Posted by Ned Stark in Uncategorized.

3 steps backwards! After reading the article Today and feeling abit optimistic about the future relationship between New Media and Mainstream Media, I must say I am bitterly disappointed to see the following article which was on the Straits Times. And I am even more disappointed to read from Gerald’s blog that though he was asked for his views, the ST article did not even mention it. And here Ned thought that the Today Article was a harbinger of better things to come.

Thus when one reads the article one would be forgiven if one leaves with the impression that the bloggers are a bunch of bungling jokers who are always sticking their hands into the fire and spreading gossip and misinformation. Since Ned has said much of it before (I think its all pure bollocks) Ned will try his best to restrain his comments to those raised in the article:

1) The article uses the example of the Lee Hong Yi incident, ostensibly to show case the lack of discretion of bloggers. The following quote by MP Charles Chong is particularly telling, especially when he goes on to say that he receives letters which are CCed to people of all positions, including but not limited to the President, the PM and MPs and so on. Firstly, with regards to the former, the Lee Hong Yi incident was indeed a cause of public concern for it highlighted salient facts about the military system which affects the lives of a very large proportion of Singapore male citizens (not those newly converted kind); in fact some males too have lost their lives or livelihoods due to the system. Thus Ned fails to see why there is a need to sweep everything under the carpet. And this incident does benefit society as a whole.

Secondly, with regards to Singaporeans broadcasting complaints beyond relevant recipients, perhaps we should go back to the aforementioned case of Lee Hong Yi. Assuming that his actions were commensurate with one who wanted to create greater awareness among the Army, the same can also be said of the youth who CC practically everyone under the sun. True, it gets tiring, but then again better a foolish idealist than an apathetic opportunist eh?

2. With regards to Dr Cherian George’s point, it is valid in so far as persuasion is concerned. However the question is, who is the person trying to persuade?  And will persuastion work in all cases? Just take a look at the current debate on homosexuality, it is evidently clear that unless the government takes the step of repealing the law the homophobes will never step down. To borrow one of Mr Wang’s phrases (though he was using it in the context of TAR), you can bring the donkey to the water but you cannot force it to drink. Furthermore the burden cannot always be on bloggers to act like moderates, the people need to learn to think for themselves by comparing the various views on the Net. Perhaps the Dr Cherian’s sentence was predicated on the fact that bloggers are generally ranting lunatics who are out to smear the establishment. As said time and again, that is a misconception

3) The use of Wee Shu Min and the blogger featured in the first paragraph could paint a negative picture of the blogosphere in general. To recap, the Wee Shu Min incident highlighted a rather disturbing lack of empathy which could have been prevalent among those from top schools thus making it an issue of public interest. Furtheremore several bloggers did step up to the bat in this instance, condemning her views but refraining from making smear attacks; a fact whith the ST has not highlighted, rather they chose to quote Wee Siew Kim’s lament that his daughter was misquoted (though I fail to see how she was misqouted, but then Ned is no MP and thus does not have the helicopter vision).

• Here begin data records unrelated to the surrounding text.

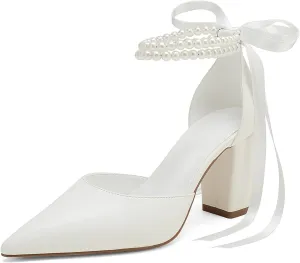 Closed Toe Pearl Heels Satin Wedding Shoes for Bride High Heels with Bow Chunky Block Heels for Women Prom Evening Party Dress Shoes Pumps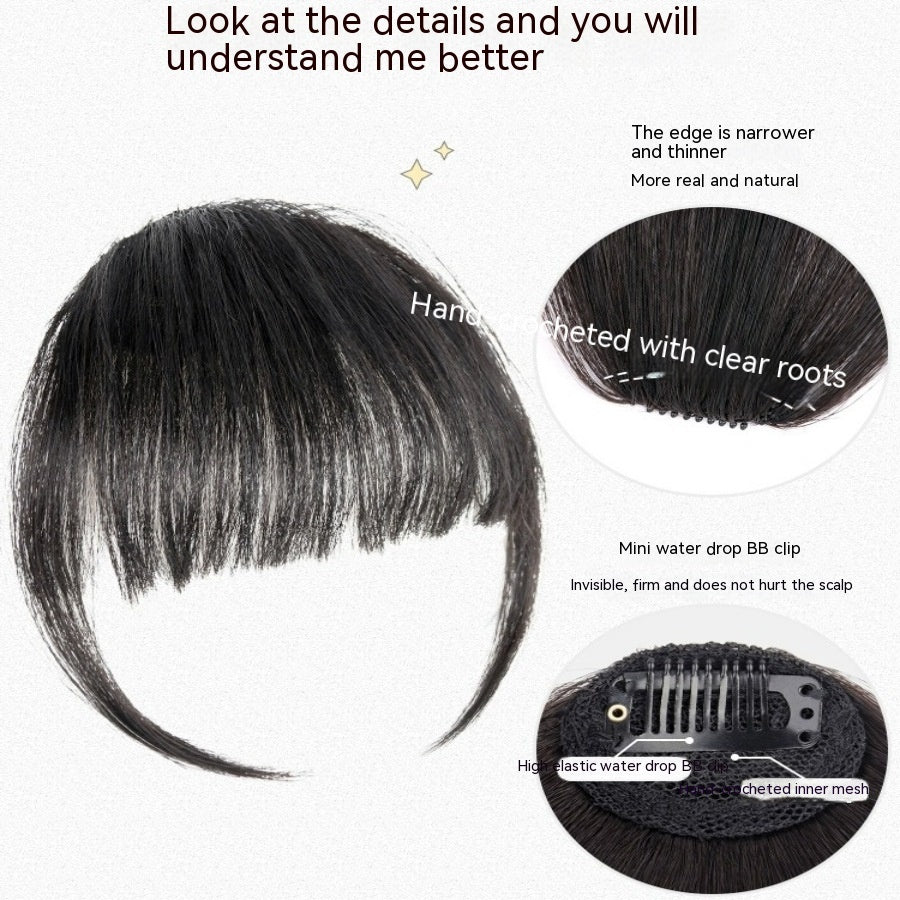 Natural Forehead Artificial Hair Straight Bangs Wig Set Seamless Invisible Wig Set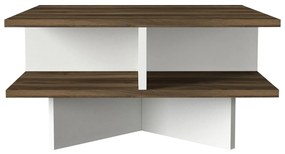 Mesa de Centro Hamton – Nogueira e Branco (60 x 31,2 x 60 cm) | Estilo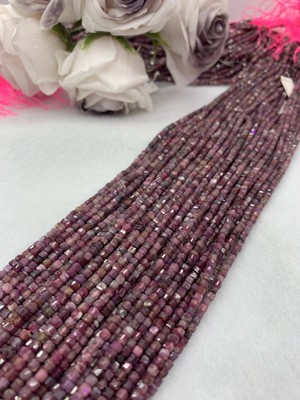 Red tourmaline sugar cube 3x3mm, long chain 38cm.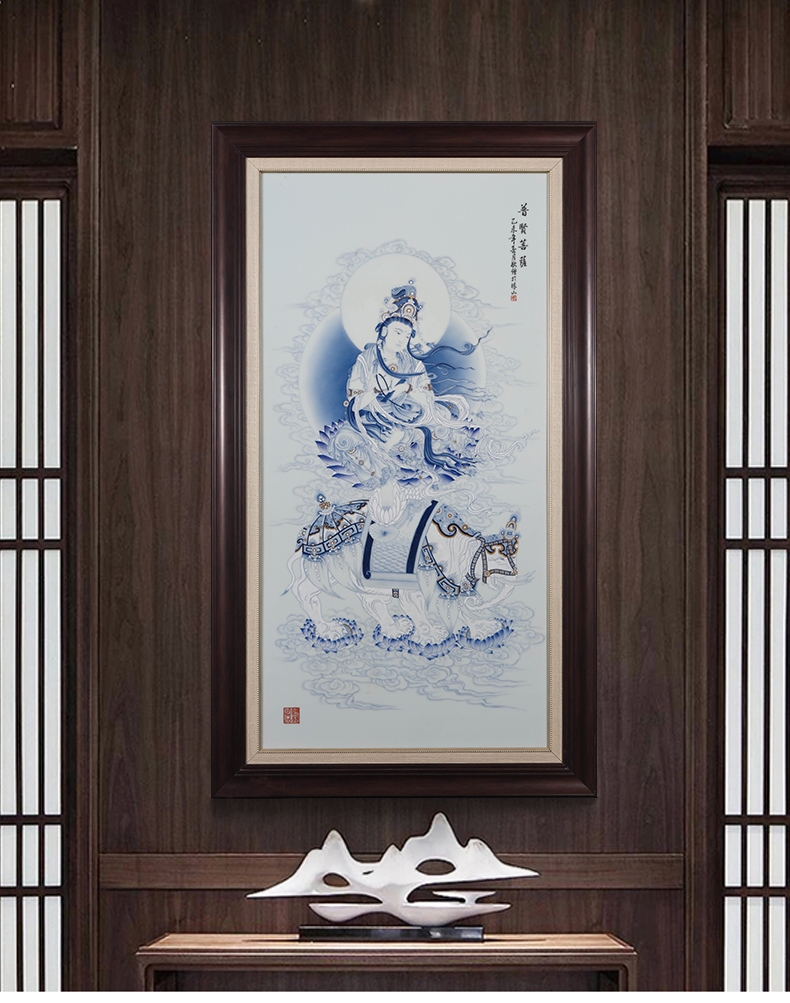 Jia lage jingdezhen ceramic hand - made wall of setting of blue and white porcelain plate painting samantabhadra bodhisattva porch of mural hang a picture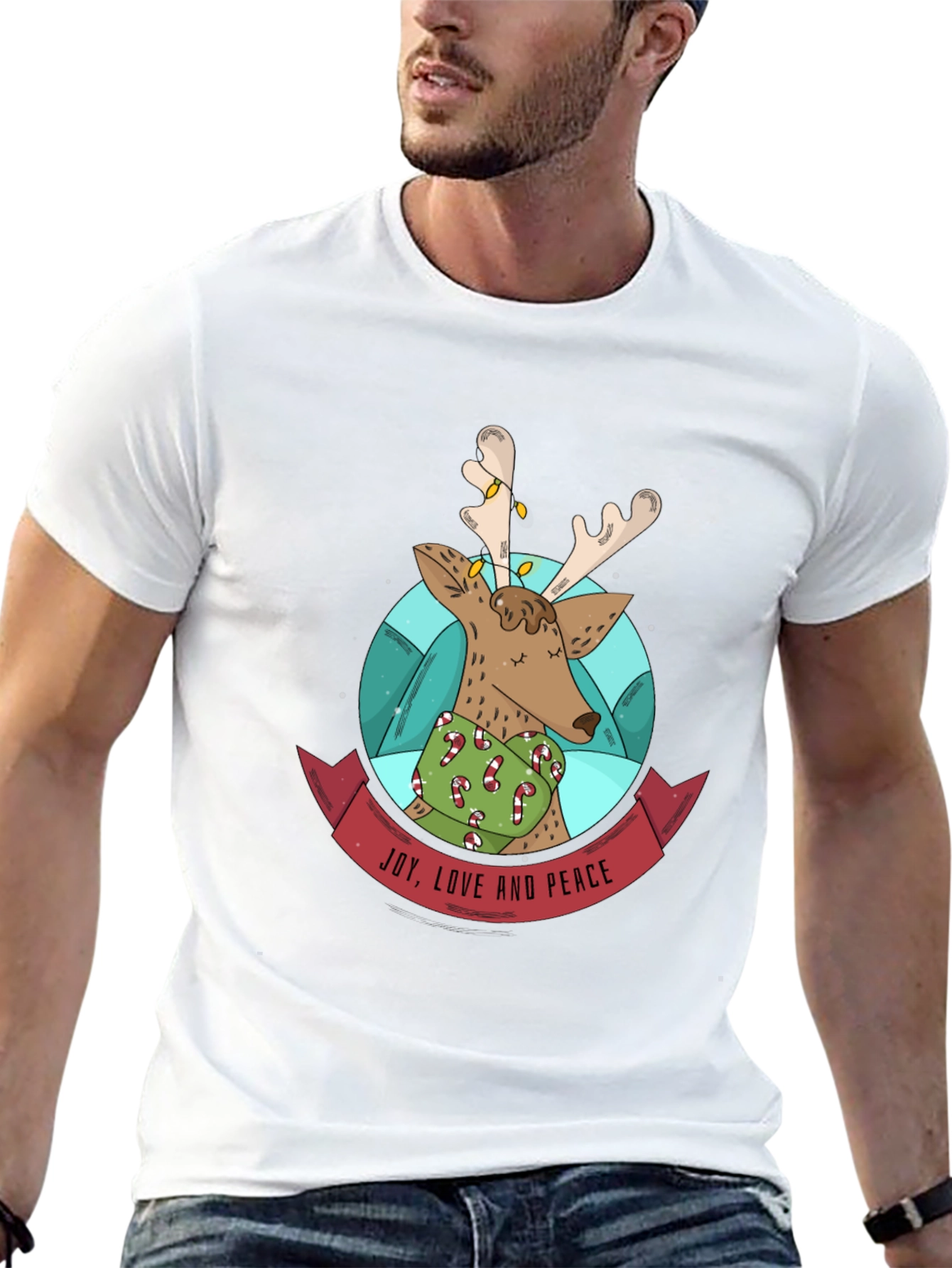 Festive Reindeer T-Shirt: Joy Love & Peace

4) The use of Goh Meng Seng. While Ned does not know what comments Goh Meng Seng made online, the fact is Goh Meng Seng was from a political party and thus has to be even more careful given the public stance of his party. Many bloggers do not belong to political parties and thus are able to express their personal views. Of course that does not mean that we shoot our mouth for no reason what so far. And that we do not exercise discretion. In fact a perusal of the posts of bloggers would allow us to see that bloggers generally exercise discretion and are willing to acknowledge mistakes made during posting.

But notwithstanding that, Ned agrees with the conclusion of the article. There is no need to be fearful or anything of the Net for there is no doubt that the Net is here to stay. People should not abdicate their personal responsibilty to think for themselves and parents should likewise teach their kids to think critically.

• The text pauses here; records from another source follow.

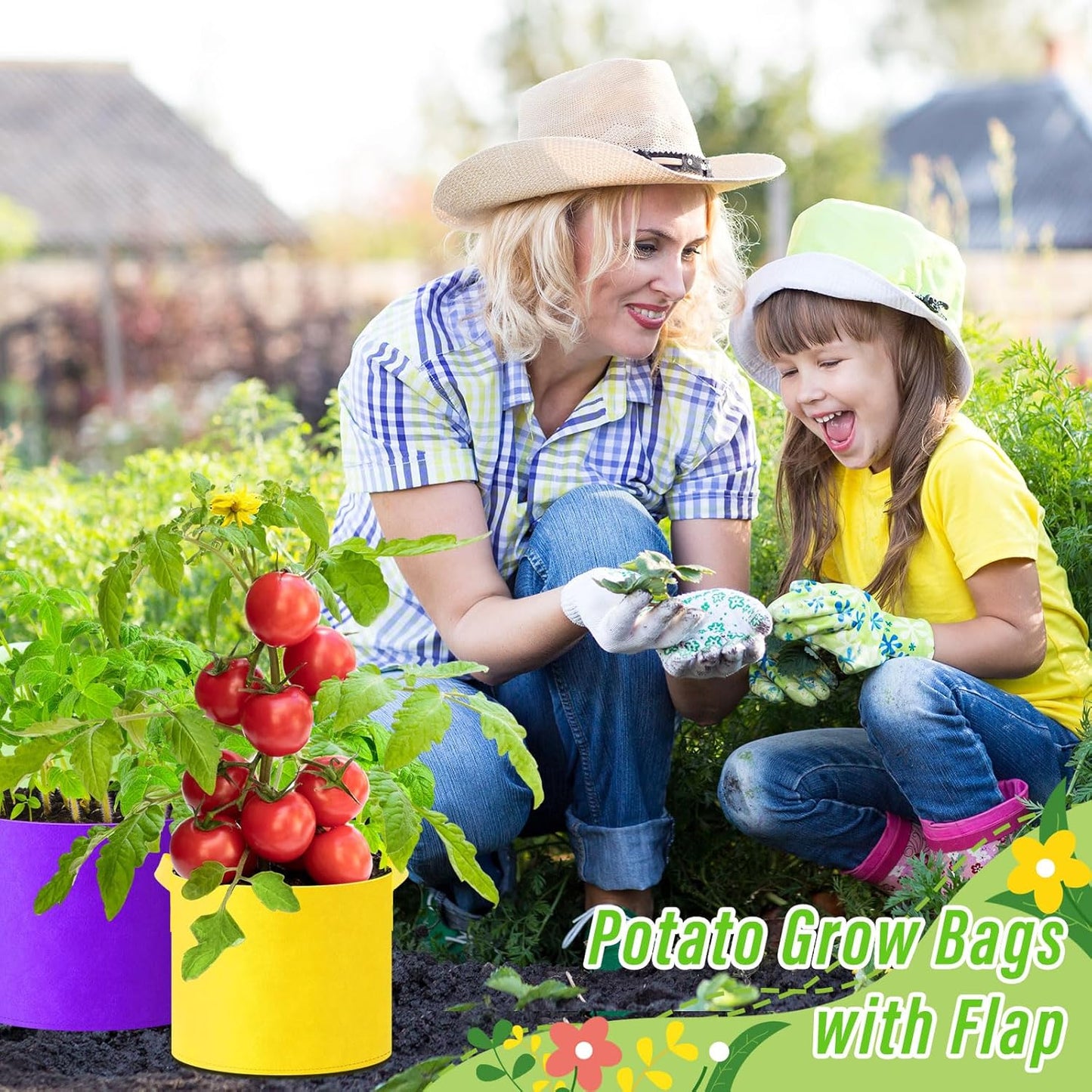 Ziliny 24 Pcs Multicolor Fabric Plant Grow Bags - Thickened Non-Woven Pots with Handles | 5 Gallon Size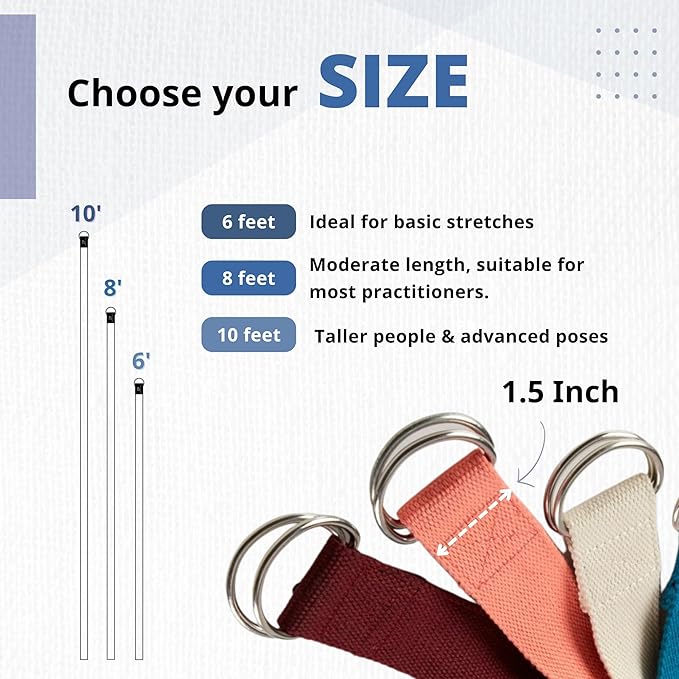 Everyday Yoga Super Strong Strap with Metal D-ring Buckle - Improve Flexibility, Stretching, and Physical Therapy Fitness.-GravixFit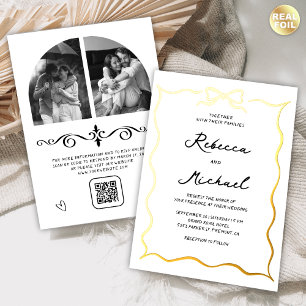 Hand Drawn Bow QR Code Photo Wedding Gold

* Singapore Angle has also done an interesting write up on this.



1. Piper - July 26, 2007

“Furthermore the burden cannot always be on bloggers to act like moderates, the people need to learn to think for themselves by comparing the various views on the Net. Perhaps the Dr Cherian’s sentence was predicated on the fact that bloggers are generally ranting lunatics who are out to smear the establishment.”

This phrase of yours made me think of a little incident that happened over at ScienceBlogs where some were upset at the militant nature of Pharyngula when speaking of religion and his daughtermade a very interesting comment:

“It’s moderate atheists’ job to speak nicely to theists and get them to hear the message, but it’s the militant atheists’ job to get the moderates out of the closet and active.”

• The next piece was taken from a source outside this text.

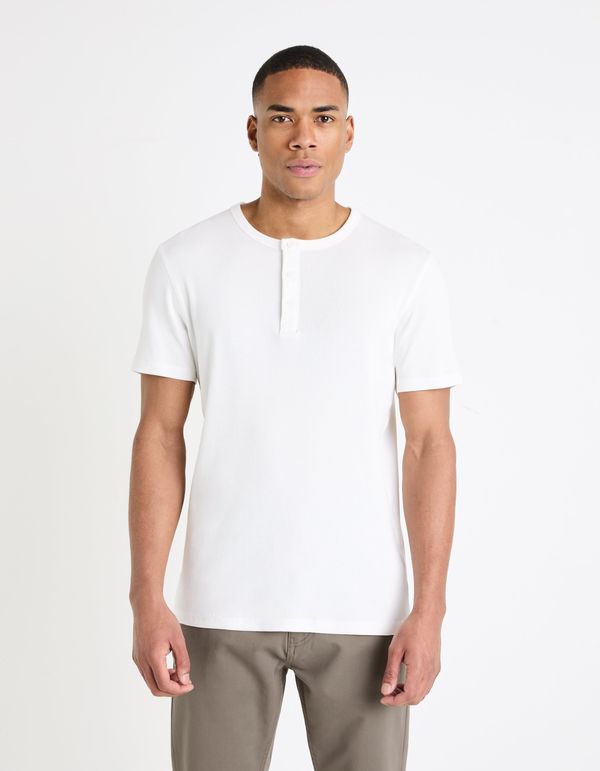 Celio Celio Henley Genrib T-Shirt - Mens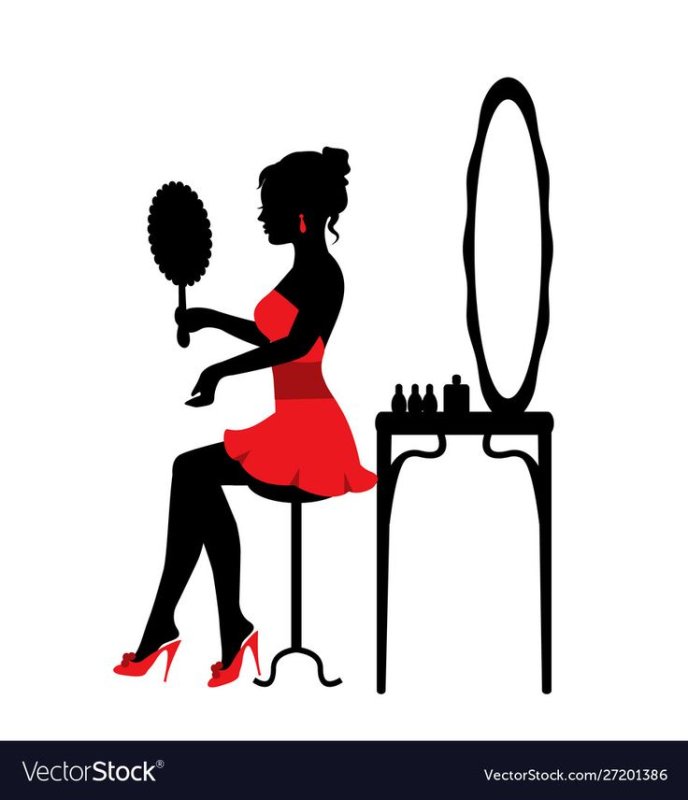 Женщина у зеркала вектор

Similarly, I think in a way we need bloggers who are passionate and maybe “ranting lunatics” to get Singaporeans who are more moderate to actually do or feel something. If all bloggers were careful and moderate, then (a) the blogs won’t be very interesting and (b) no one will be moved to care really.

On a side note, the letters about homosexuality in the ST recently scares me. :S

2. Ned Stark - August 2, 2007

Yeah, and now we have the YPAP guy spouting such stuff. Actually what makes it scarier is that apparently there are those who are in a position of power who actually think the same way.